The medial safe-zone angle (α₁), dangerous zone angle (α₂), and screw-insertion angle (β) were evaluated to determine how we can drill and insert screws safely during fixation (Figure 6). The most protruding spot of the anterior tibial cortex was used as a landmark because this angle should be addressed intraoperatively, even though it would be a rough estimation. A line from the most posterior screw insertion site to the most protruding spot of the anterior tibial cortex was drawn (line a), and a line perpendicular to this line (line b) was drawn. The medial safe zone angle (α₁) was measured between line b and a line from the posterior screw insertion site to the medial border of the neurovascular structure. The dangerous zone angle (α₂) was measured between a line from the posterior screw insertion site to the medial border of the neurovascular structure and a line from the posterior screw insertion site to the lateral border of the neurovascular structure. The screw insertion angle (β) was measured between line b and the line crossing the most posterior screw. Therefore, we calculated the safety angle by subtracting the sum of the medial safe zone angle (α₁) and the dangerous zone angle (α₂) from the screw insertion angle (β).

Figure 6.

Measurement of the medial safe zone angle (α₁), dangerous zone angle (α₂) and screw insertion angle (β) by fixation system: (A) LCfit plate, (B) TDM plate, (C) OhtoFix plate, and (D) TomoFix plate.
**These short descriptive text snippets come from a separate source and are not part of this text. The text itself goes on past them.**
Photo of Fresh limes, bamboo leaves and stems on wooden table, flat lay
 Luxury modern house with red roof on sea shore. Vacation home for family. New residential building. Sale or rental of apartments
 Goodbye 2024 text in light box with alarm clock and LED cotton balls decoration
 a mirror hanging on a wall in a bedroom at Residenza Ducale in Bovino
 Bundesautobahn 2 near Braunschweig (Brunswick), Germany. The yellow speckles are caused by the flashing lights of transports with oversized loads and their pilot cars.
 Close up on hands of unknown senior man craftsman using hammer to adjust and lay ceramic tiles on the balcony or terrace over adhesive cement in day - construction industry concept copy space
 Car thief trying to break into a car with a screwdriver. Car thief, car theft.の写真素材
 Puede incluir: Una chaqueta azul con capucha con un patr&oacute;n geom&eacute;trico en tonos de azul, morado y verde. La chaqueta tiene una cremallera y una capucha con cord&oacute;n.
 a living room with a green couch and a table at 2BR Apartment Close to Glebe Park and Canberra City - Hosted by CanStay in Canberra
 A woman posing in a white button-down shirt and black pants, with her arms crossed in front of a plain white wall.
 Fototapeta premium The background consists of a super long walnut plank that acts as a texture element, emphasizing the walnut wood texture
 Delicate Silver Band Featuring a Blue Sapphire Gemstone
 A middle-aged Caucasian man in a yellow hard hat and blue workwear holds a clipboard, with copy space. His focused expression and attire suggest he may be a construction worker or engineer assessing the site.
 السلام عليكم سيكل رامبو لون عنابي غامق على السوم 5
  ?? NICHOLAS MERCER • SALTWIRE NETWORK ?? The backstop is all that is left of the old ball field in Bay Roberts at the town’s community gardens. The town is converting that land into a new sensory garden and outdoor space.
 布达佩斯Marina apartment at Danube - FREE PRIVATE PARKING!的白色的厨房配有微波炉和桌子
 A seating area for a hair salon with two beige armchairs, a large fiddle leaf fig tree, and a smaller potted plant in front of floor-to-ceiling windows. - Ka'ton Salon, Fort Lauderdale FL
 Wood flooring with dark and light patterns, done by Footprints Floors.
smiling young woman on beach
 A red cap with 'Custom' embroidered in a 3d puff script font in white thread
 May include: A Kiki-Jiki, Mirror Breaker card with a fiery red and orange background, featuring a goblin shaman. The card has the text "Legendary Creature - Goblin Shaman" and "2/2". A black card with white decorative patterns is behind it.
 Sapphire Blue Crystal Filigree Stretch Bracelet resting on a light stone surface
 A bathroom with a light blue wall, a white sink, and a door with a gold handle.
Inset images represent the preoperative axial MRI scan that showed the closest position to the computed tomography scan. Line a represents the line from the most posterior screw insertion site to the most protruding spot of the anterior tibial cortex, line b is a line perpendicular to line a, and the circle represents the popliteal artery.

Outcomes

Clinical and radiological findings were also evaluated and compared among the 4 groups. Clinical outcomes were evaluated by the preoperative and final follow-up American Knee Society Score (AKSS) and Western Ontario and McMaster Universities (WOMAC) scores. Postoperative complications were also assessed. Whole-leg weightbearing and plain standing lateral knee radiographs were used to analyze radiological outcomes. Changes in the hip-knee-ankle (HKA) angle, weightbearing line (WBL) ratio, and medial proximal tibial angle (MPTA) were compared to evaluate the correction loss in the coronal plane from whole-leg standing radiographs taken at 2 weeks postoperatively and at the final follow-up. Changes in the posterior tibial slope (PTS) were compared using plain standing lateral knee radiographs taken at 2 weeks postoperatively and at the final follow-up.

Statistical Analysis

The inter- and intraobserver reliability were assessed using the intraclass correlation coefficient (ICC). The normality tests for continuous variables were performed using the Shapiro-Wilk test. Using 1-way analysis of variance (ANOVA), the parameters of neurovascular safety and clinical and radiologic outcomes were compared among the 4 groups. If there was a difference between the 4 groups, the Scheffé test was used for post hoc analysis. To evaluate the changes in the HKA angle, WBL ratio, and PTS (quantitative parameters) from radiographs taken at 2 weeks postoperatively and at the final follow-up, the paired t test was performed. Statistical significance was set at P < .05. Data were analyzed using SPSS Version 28.0 (IBM).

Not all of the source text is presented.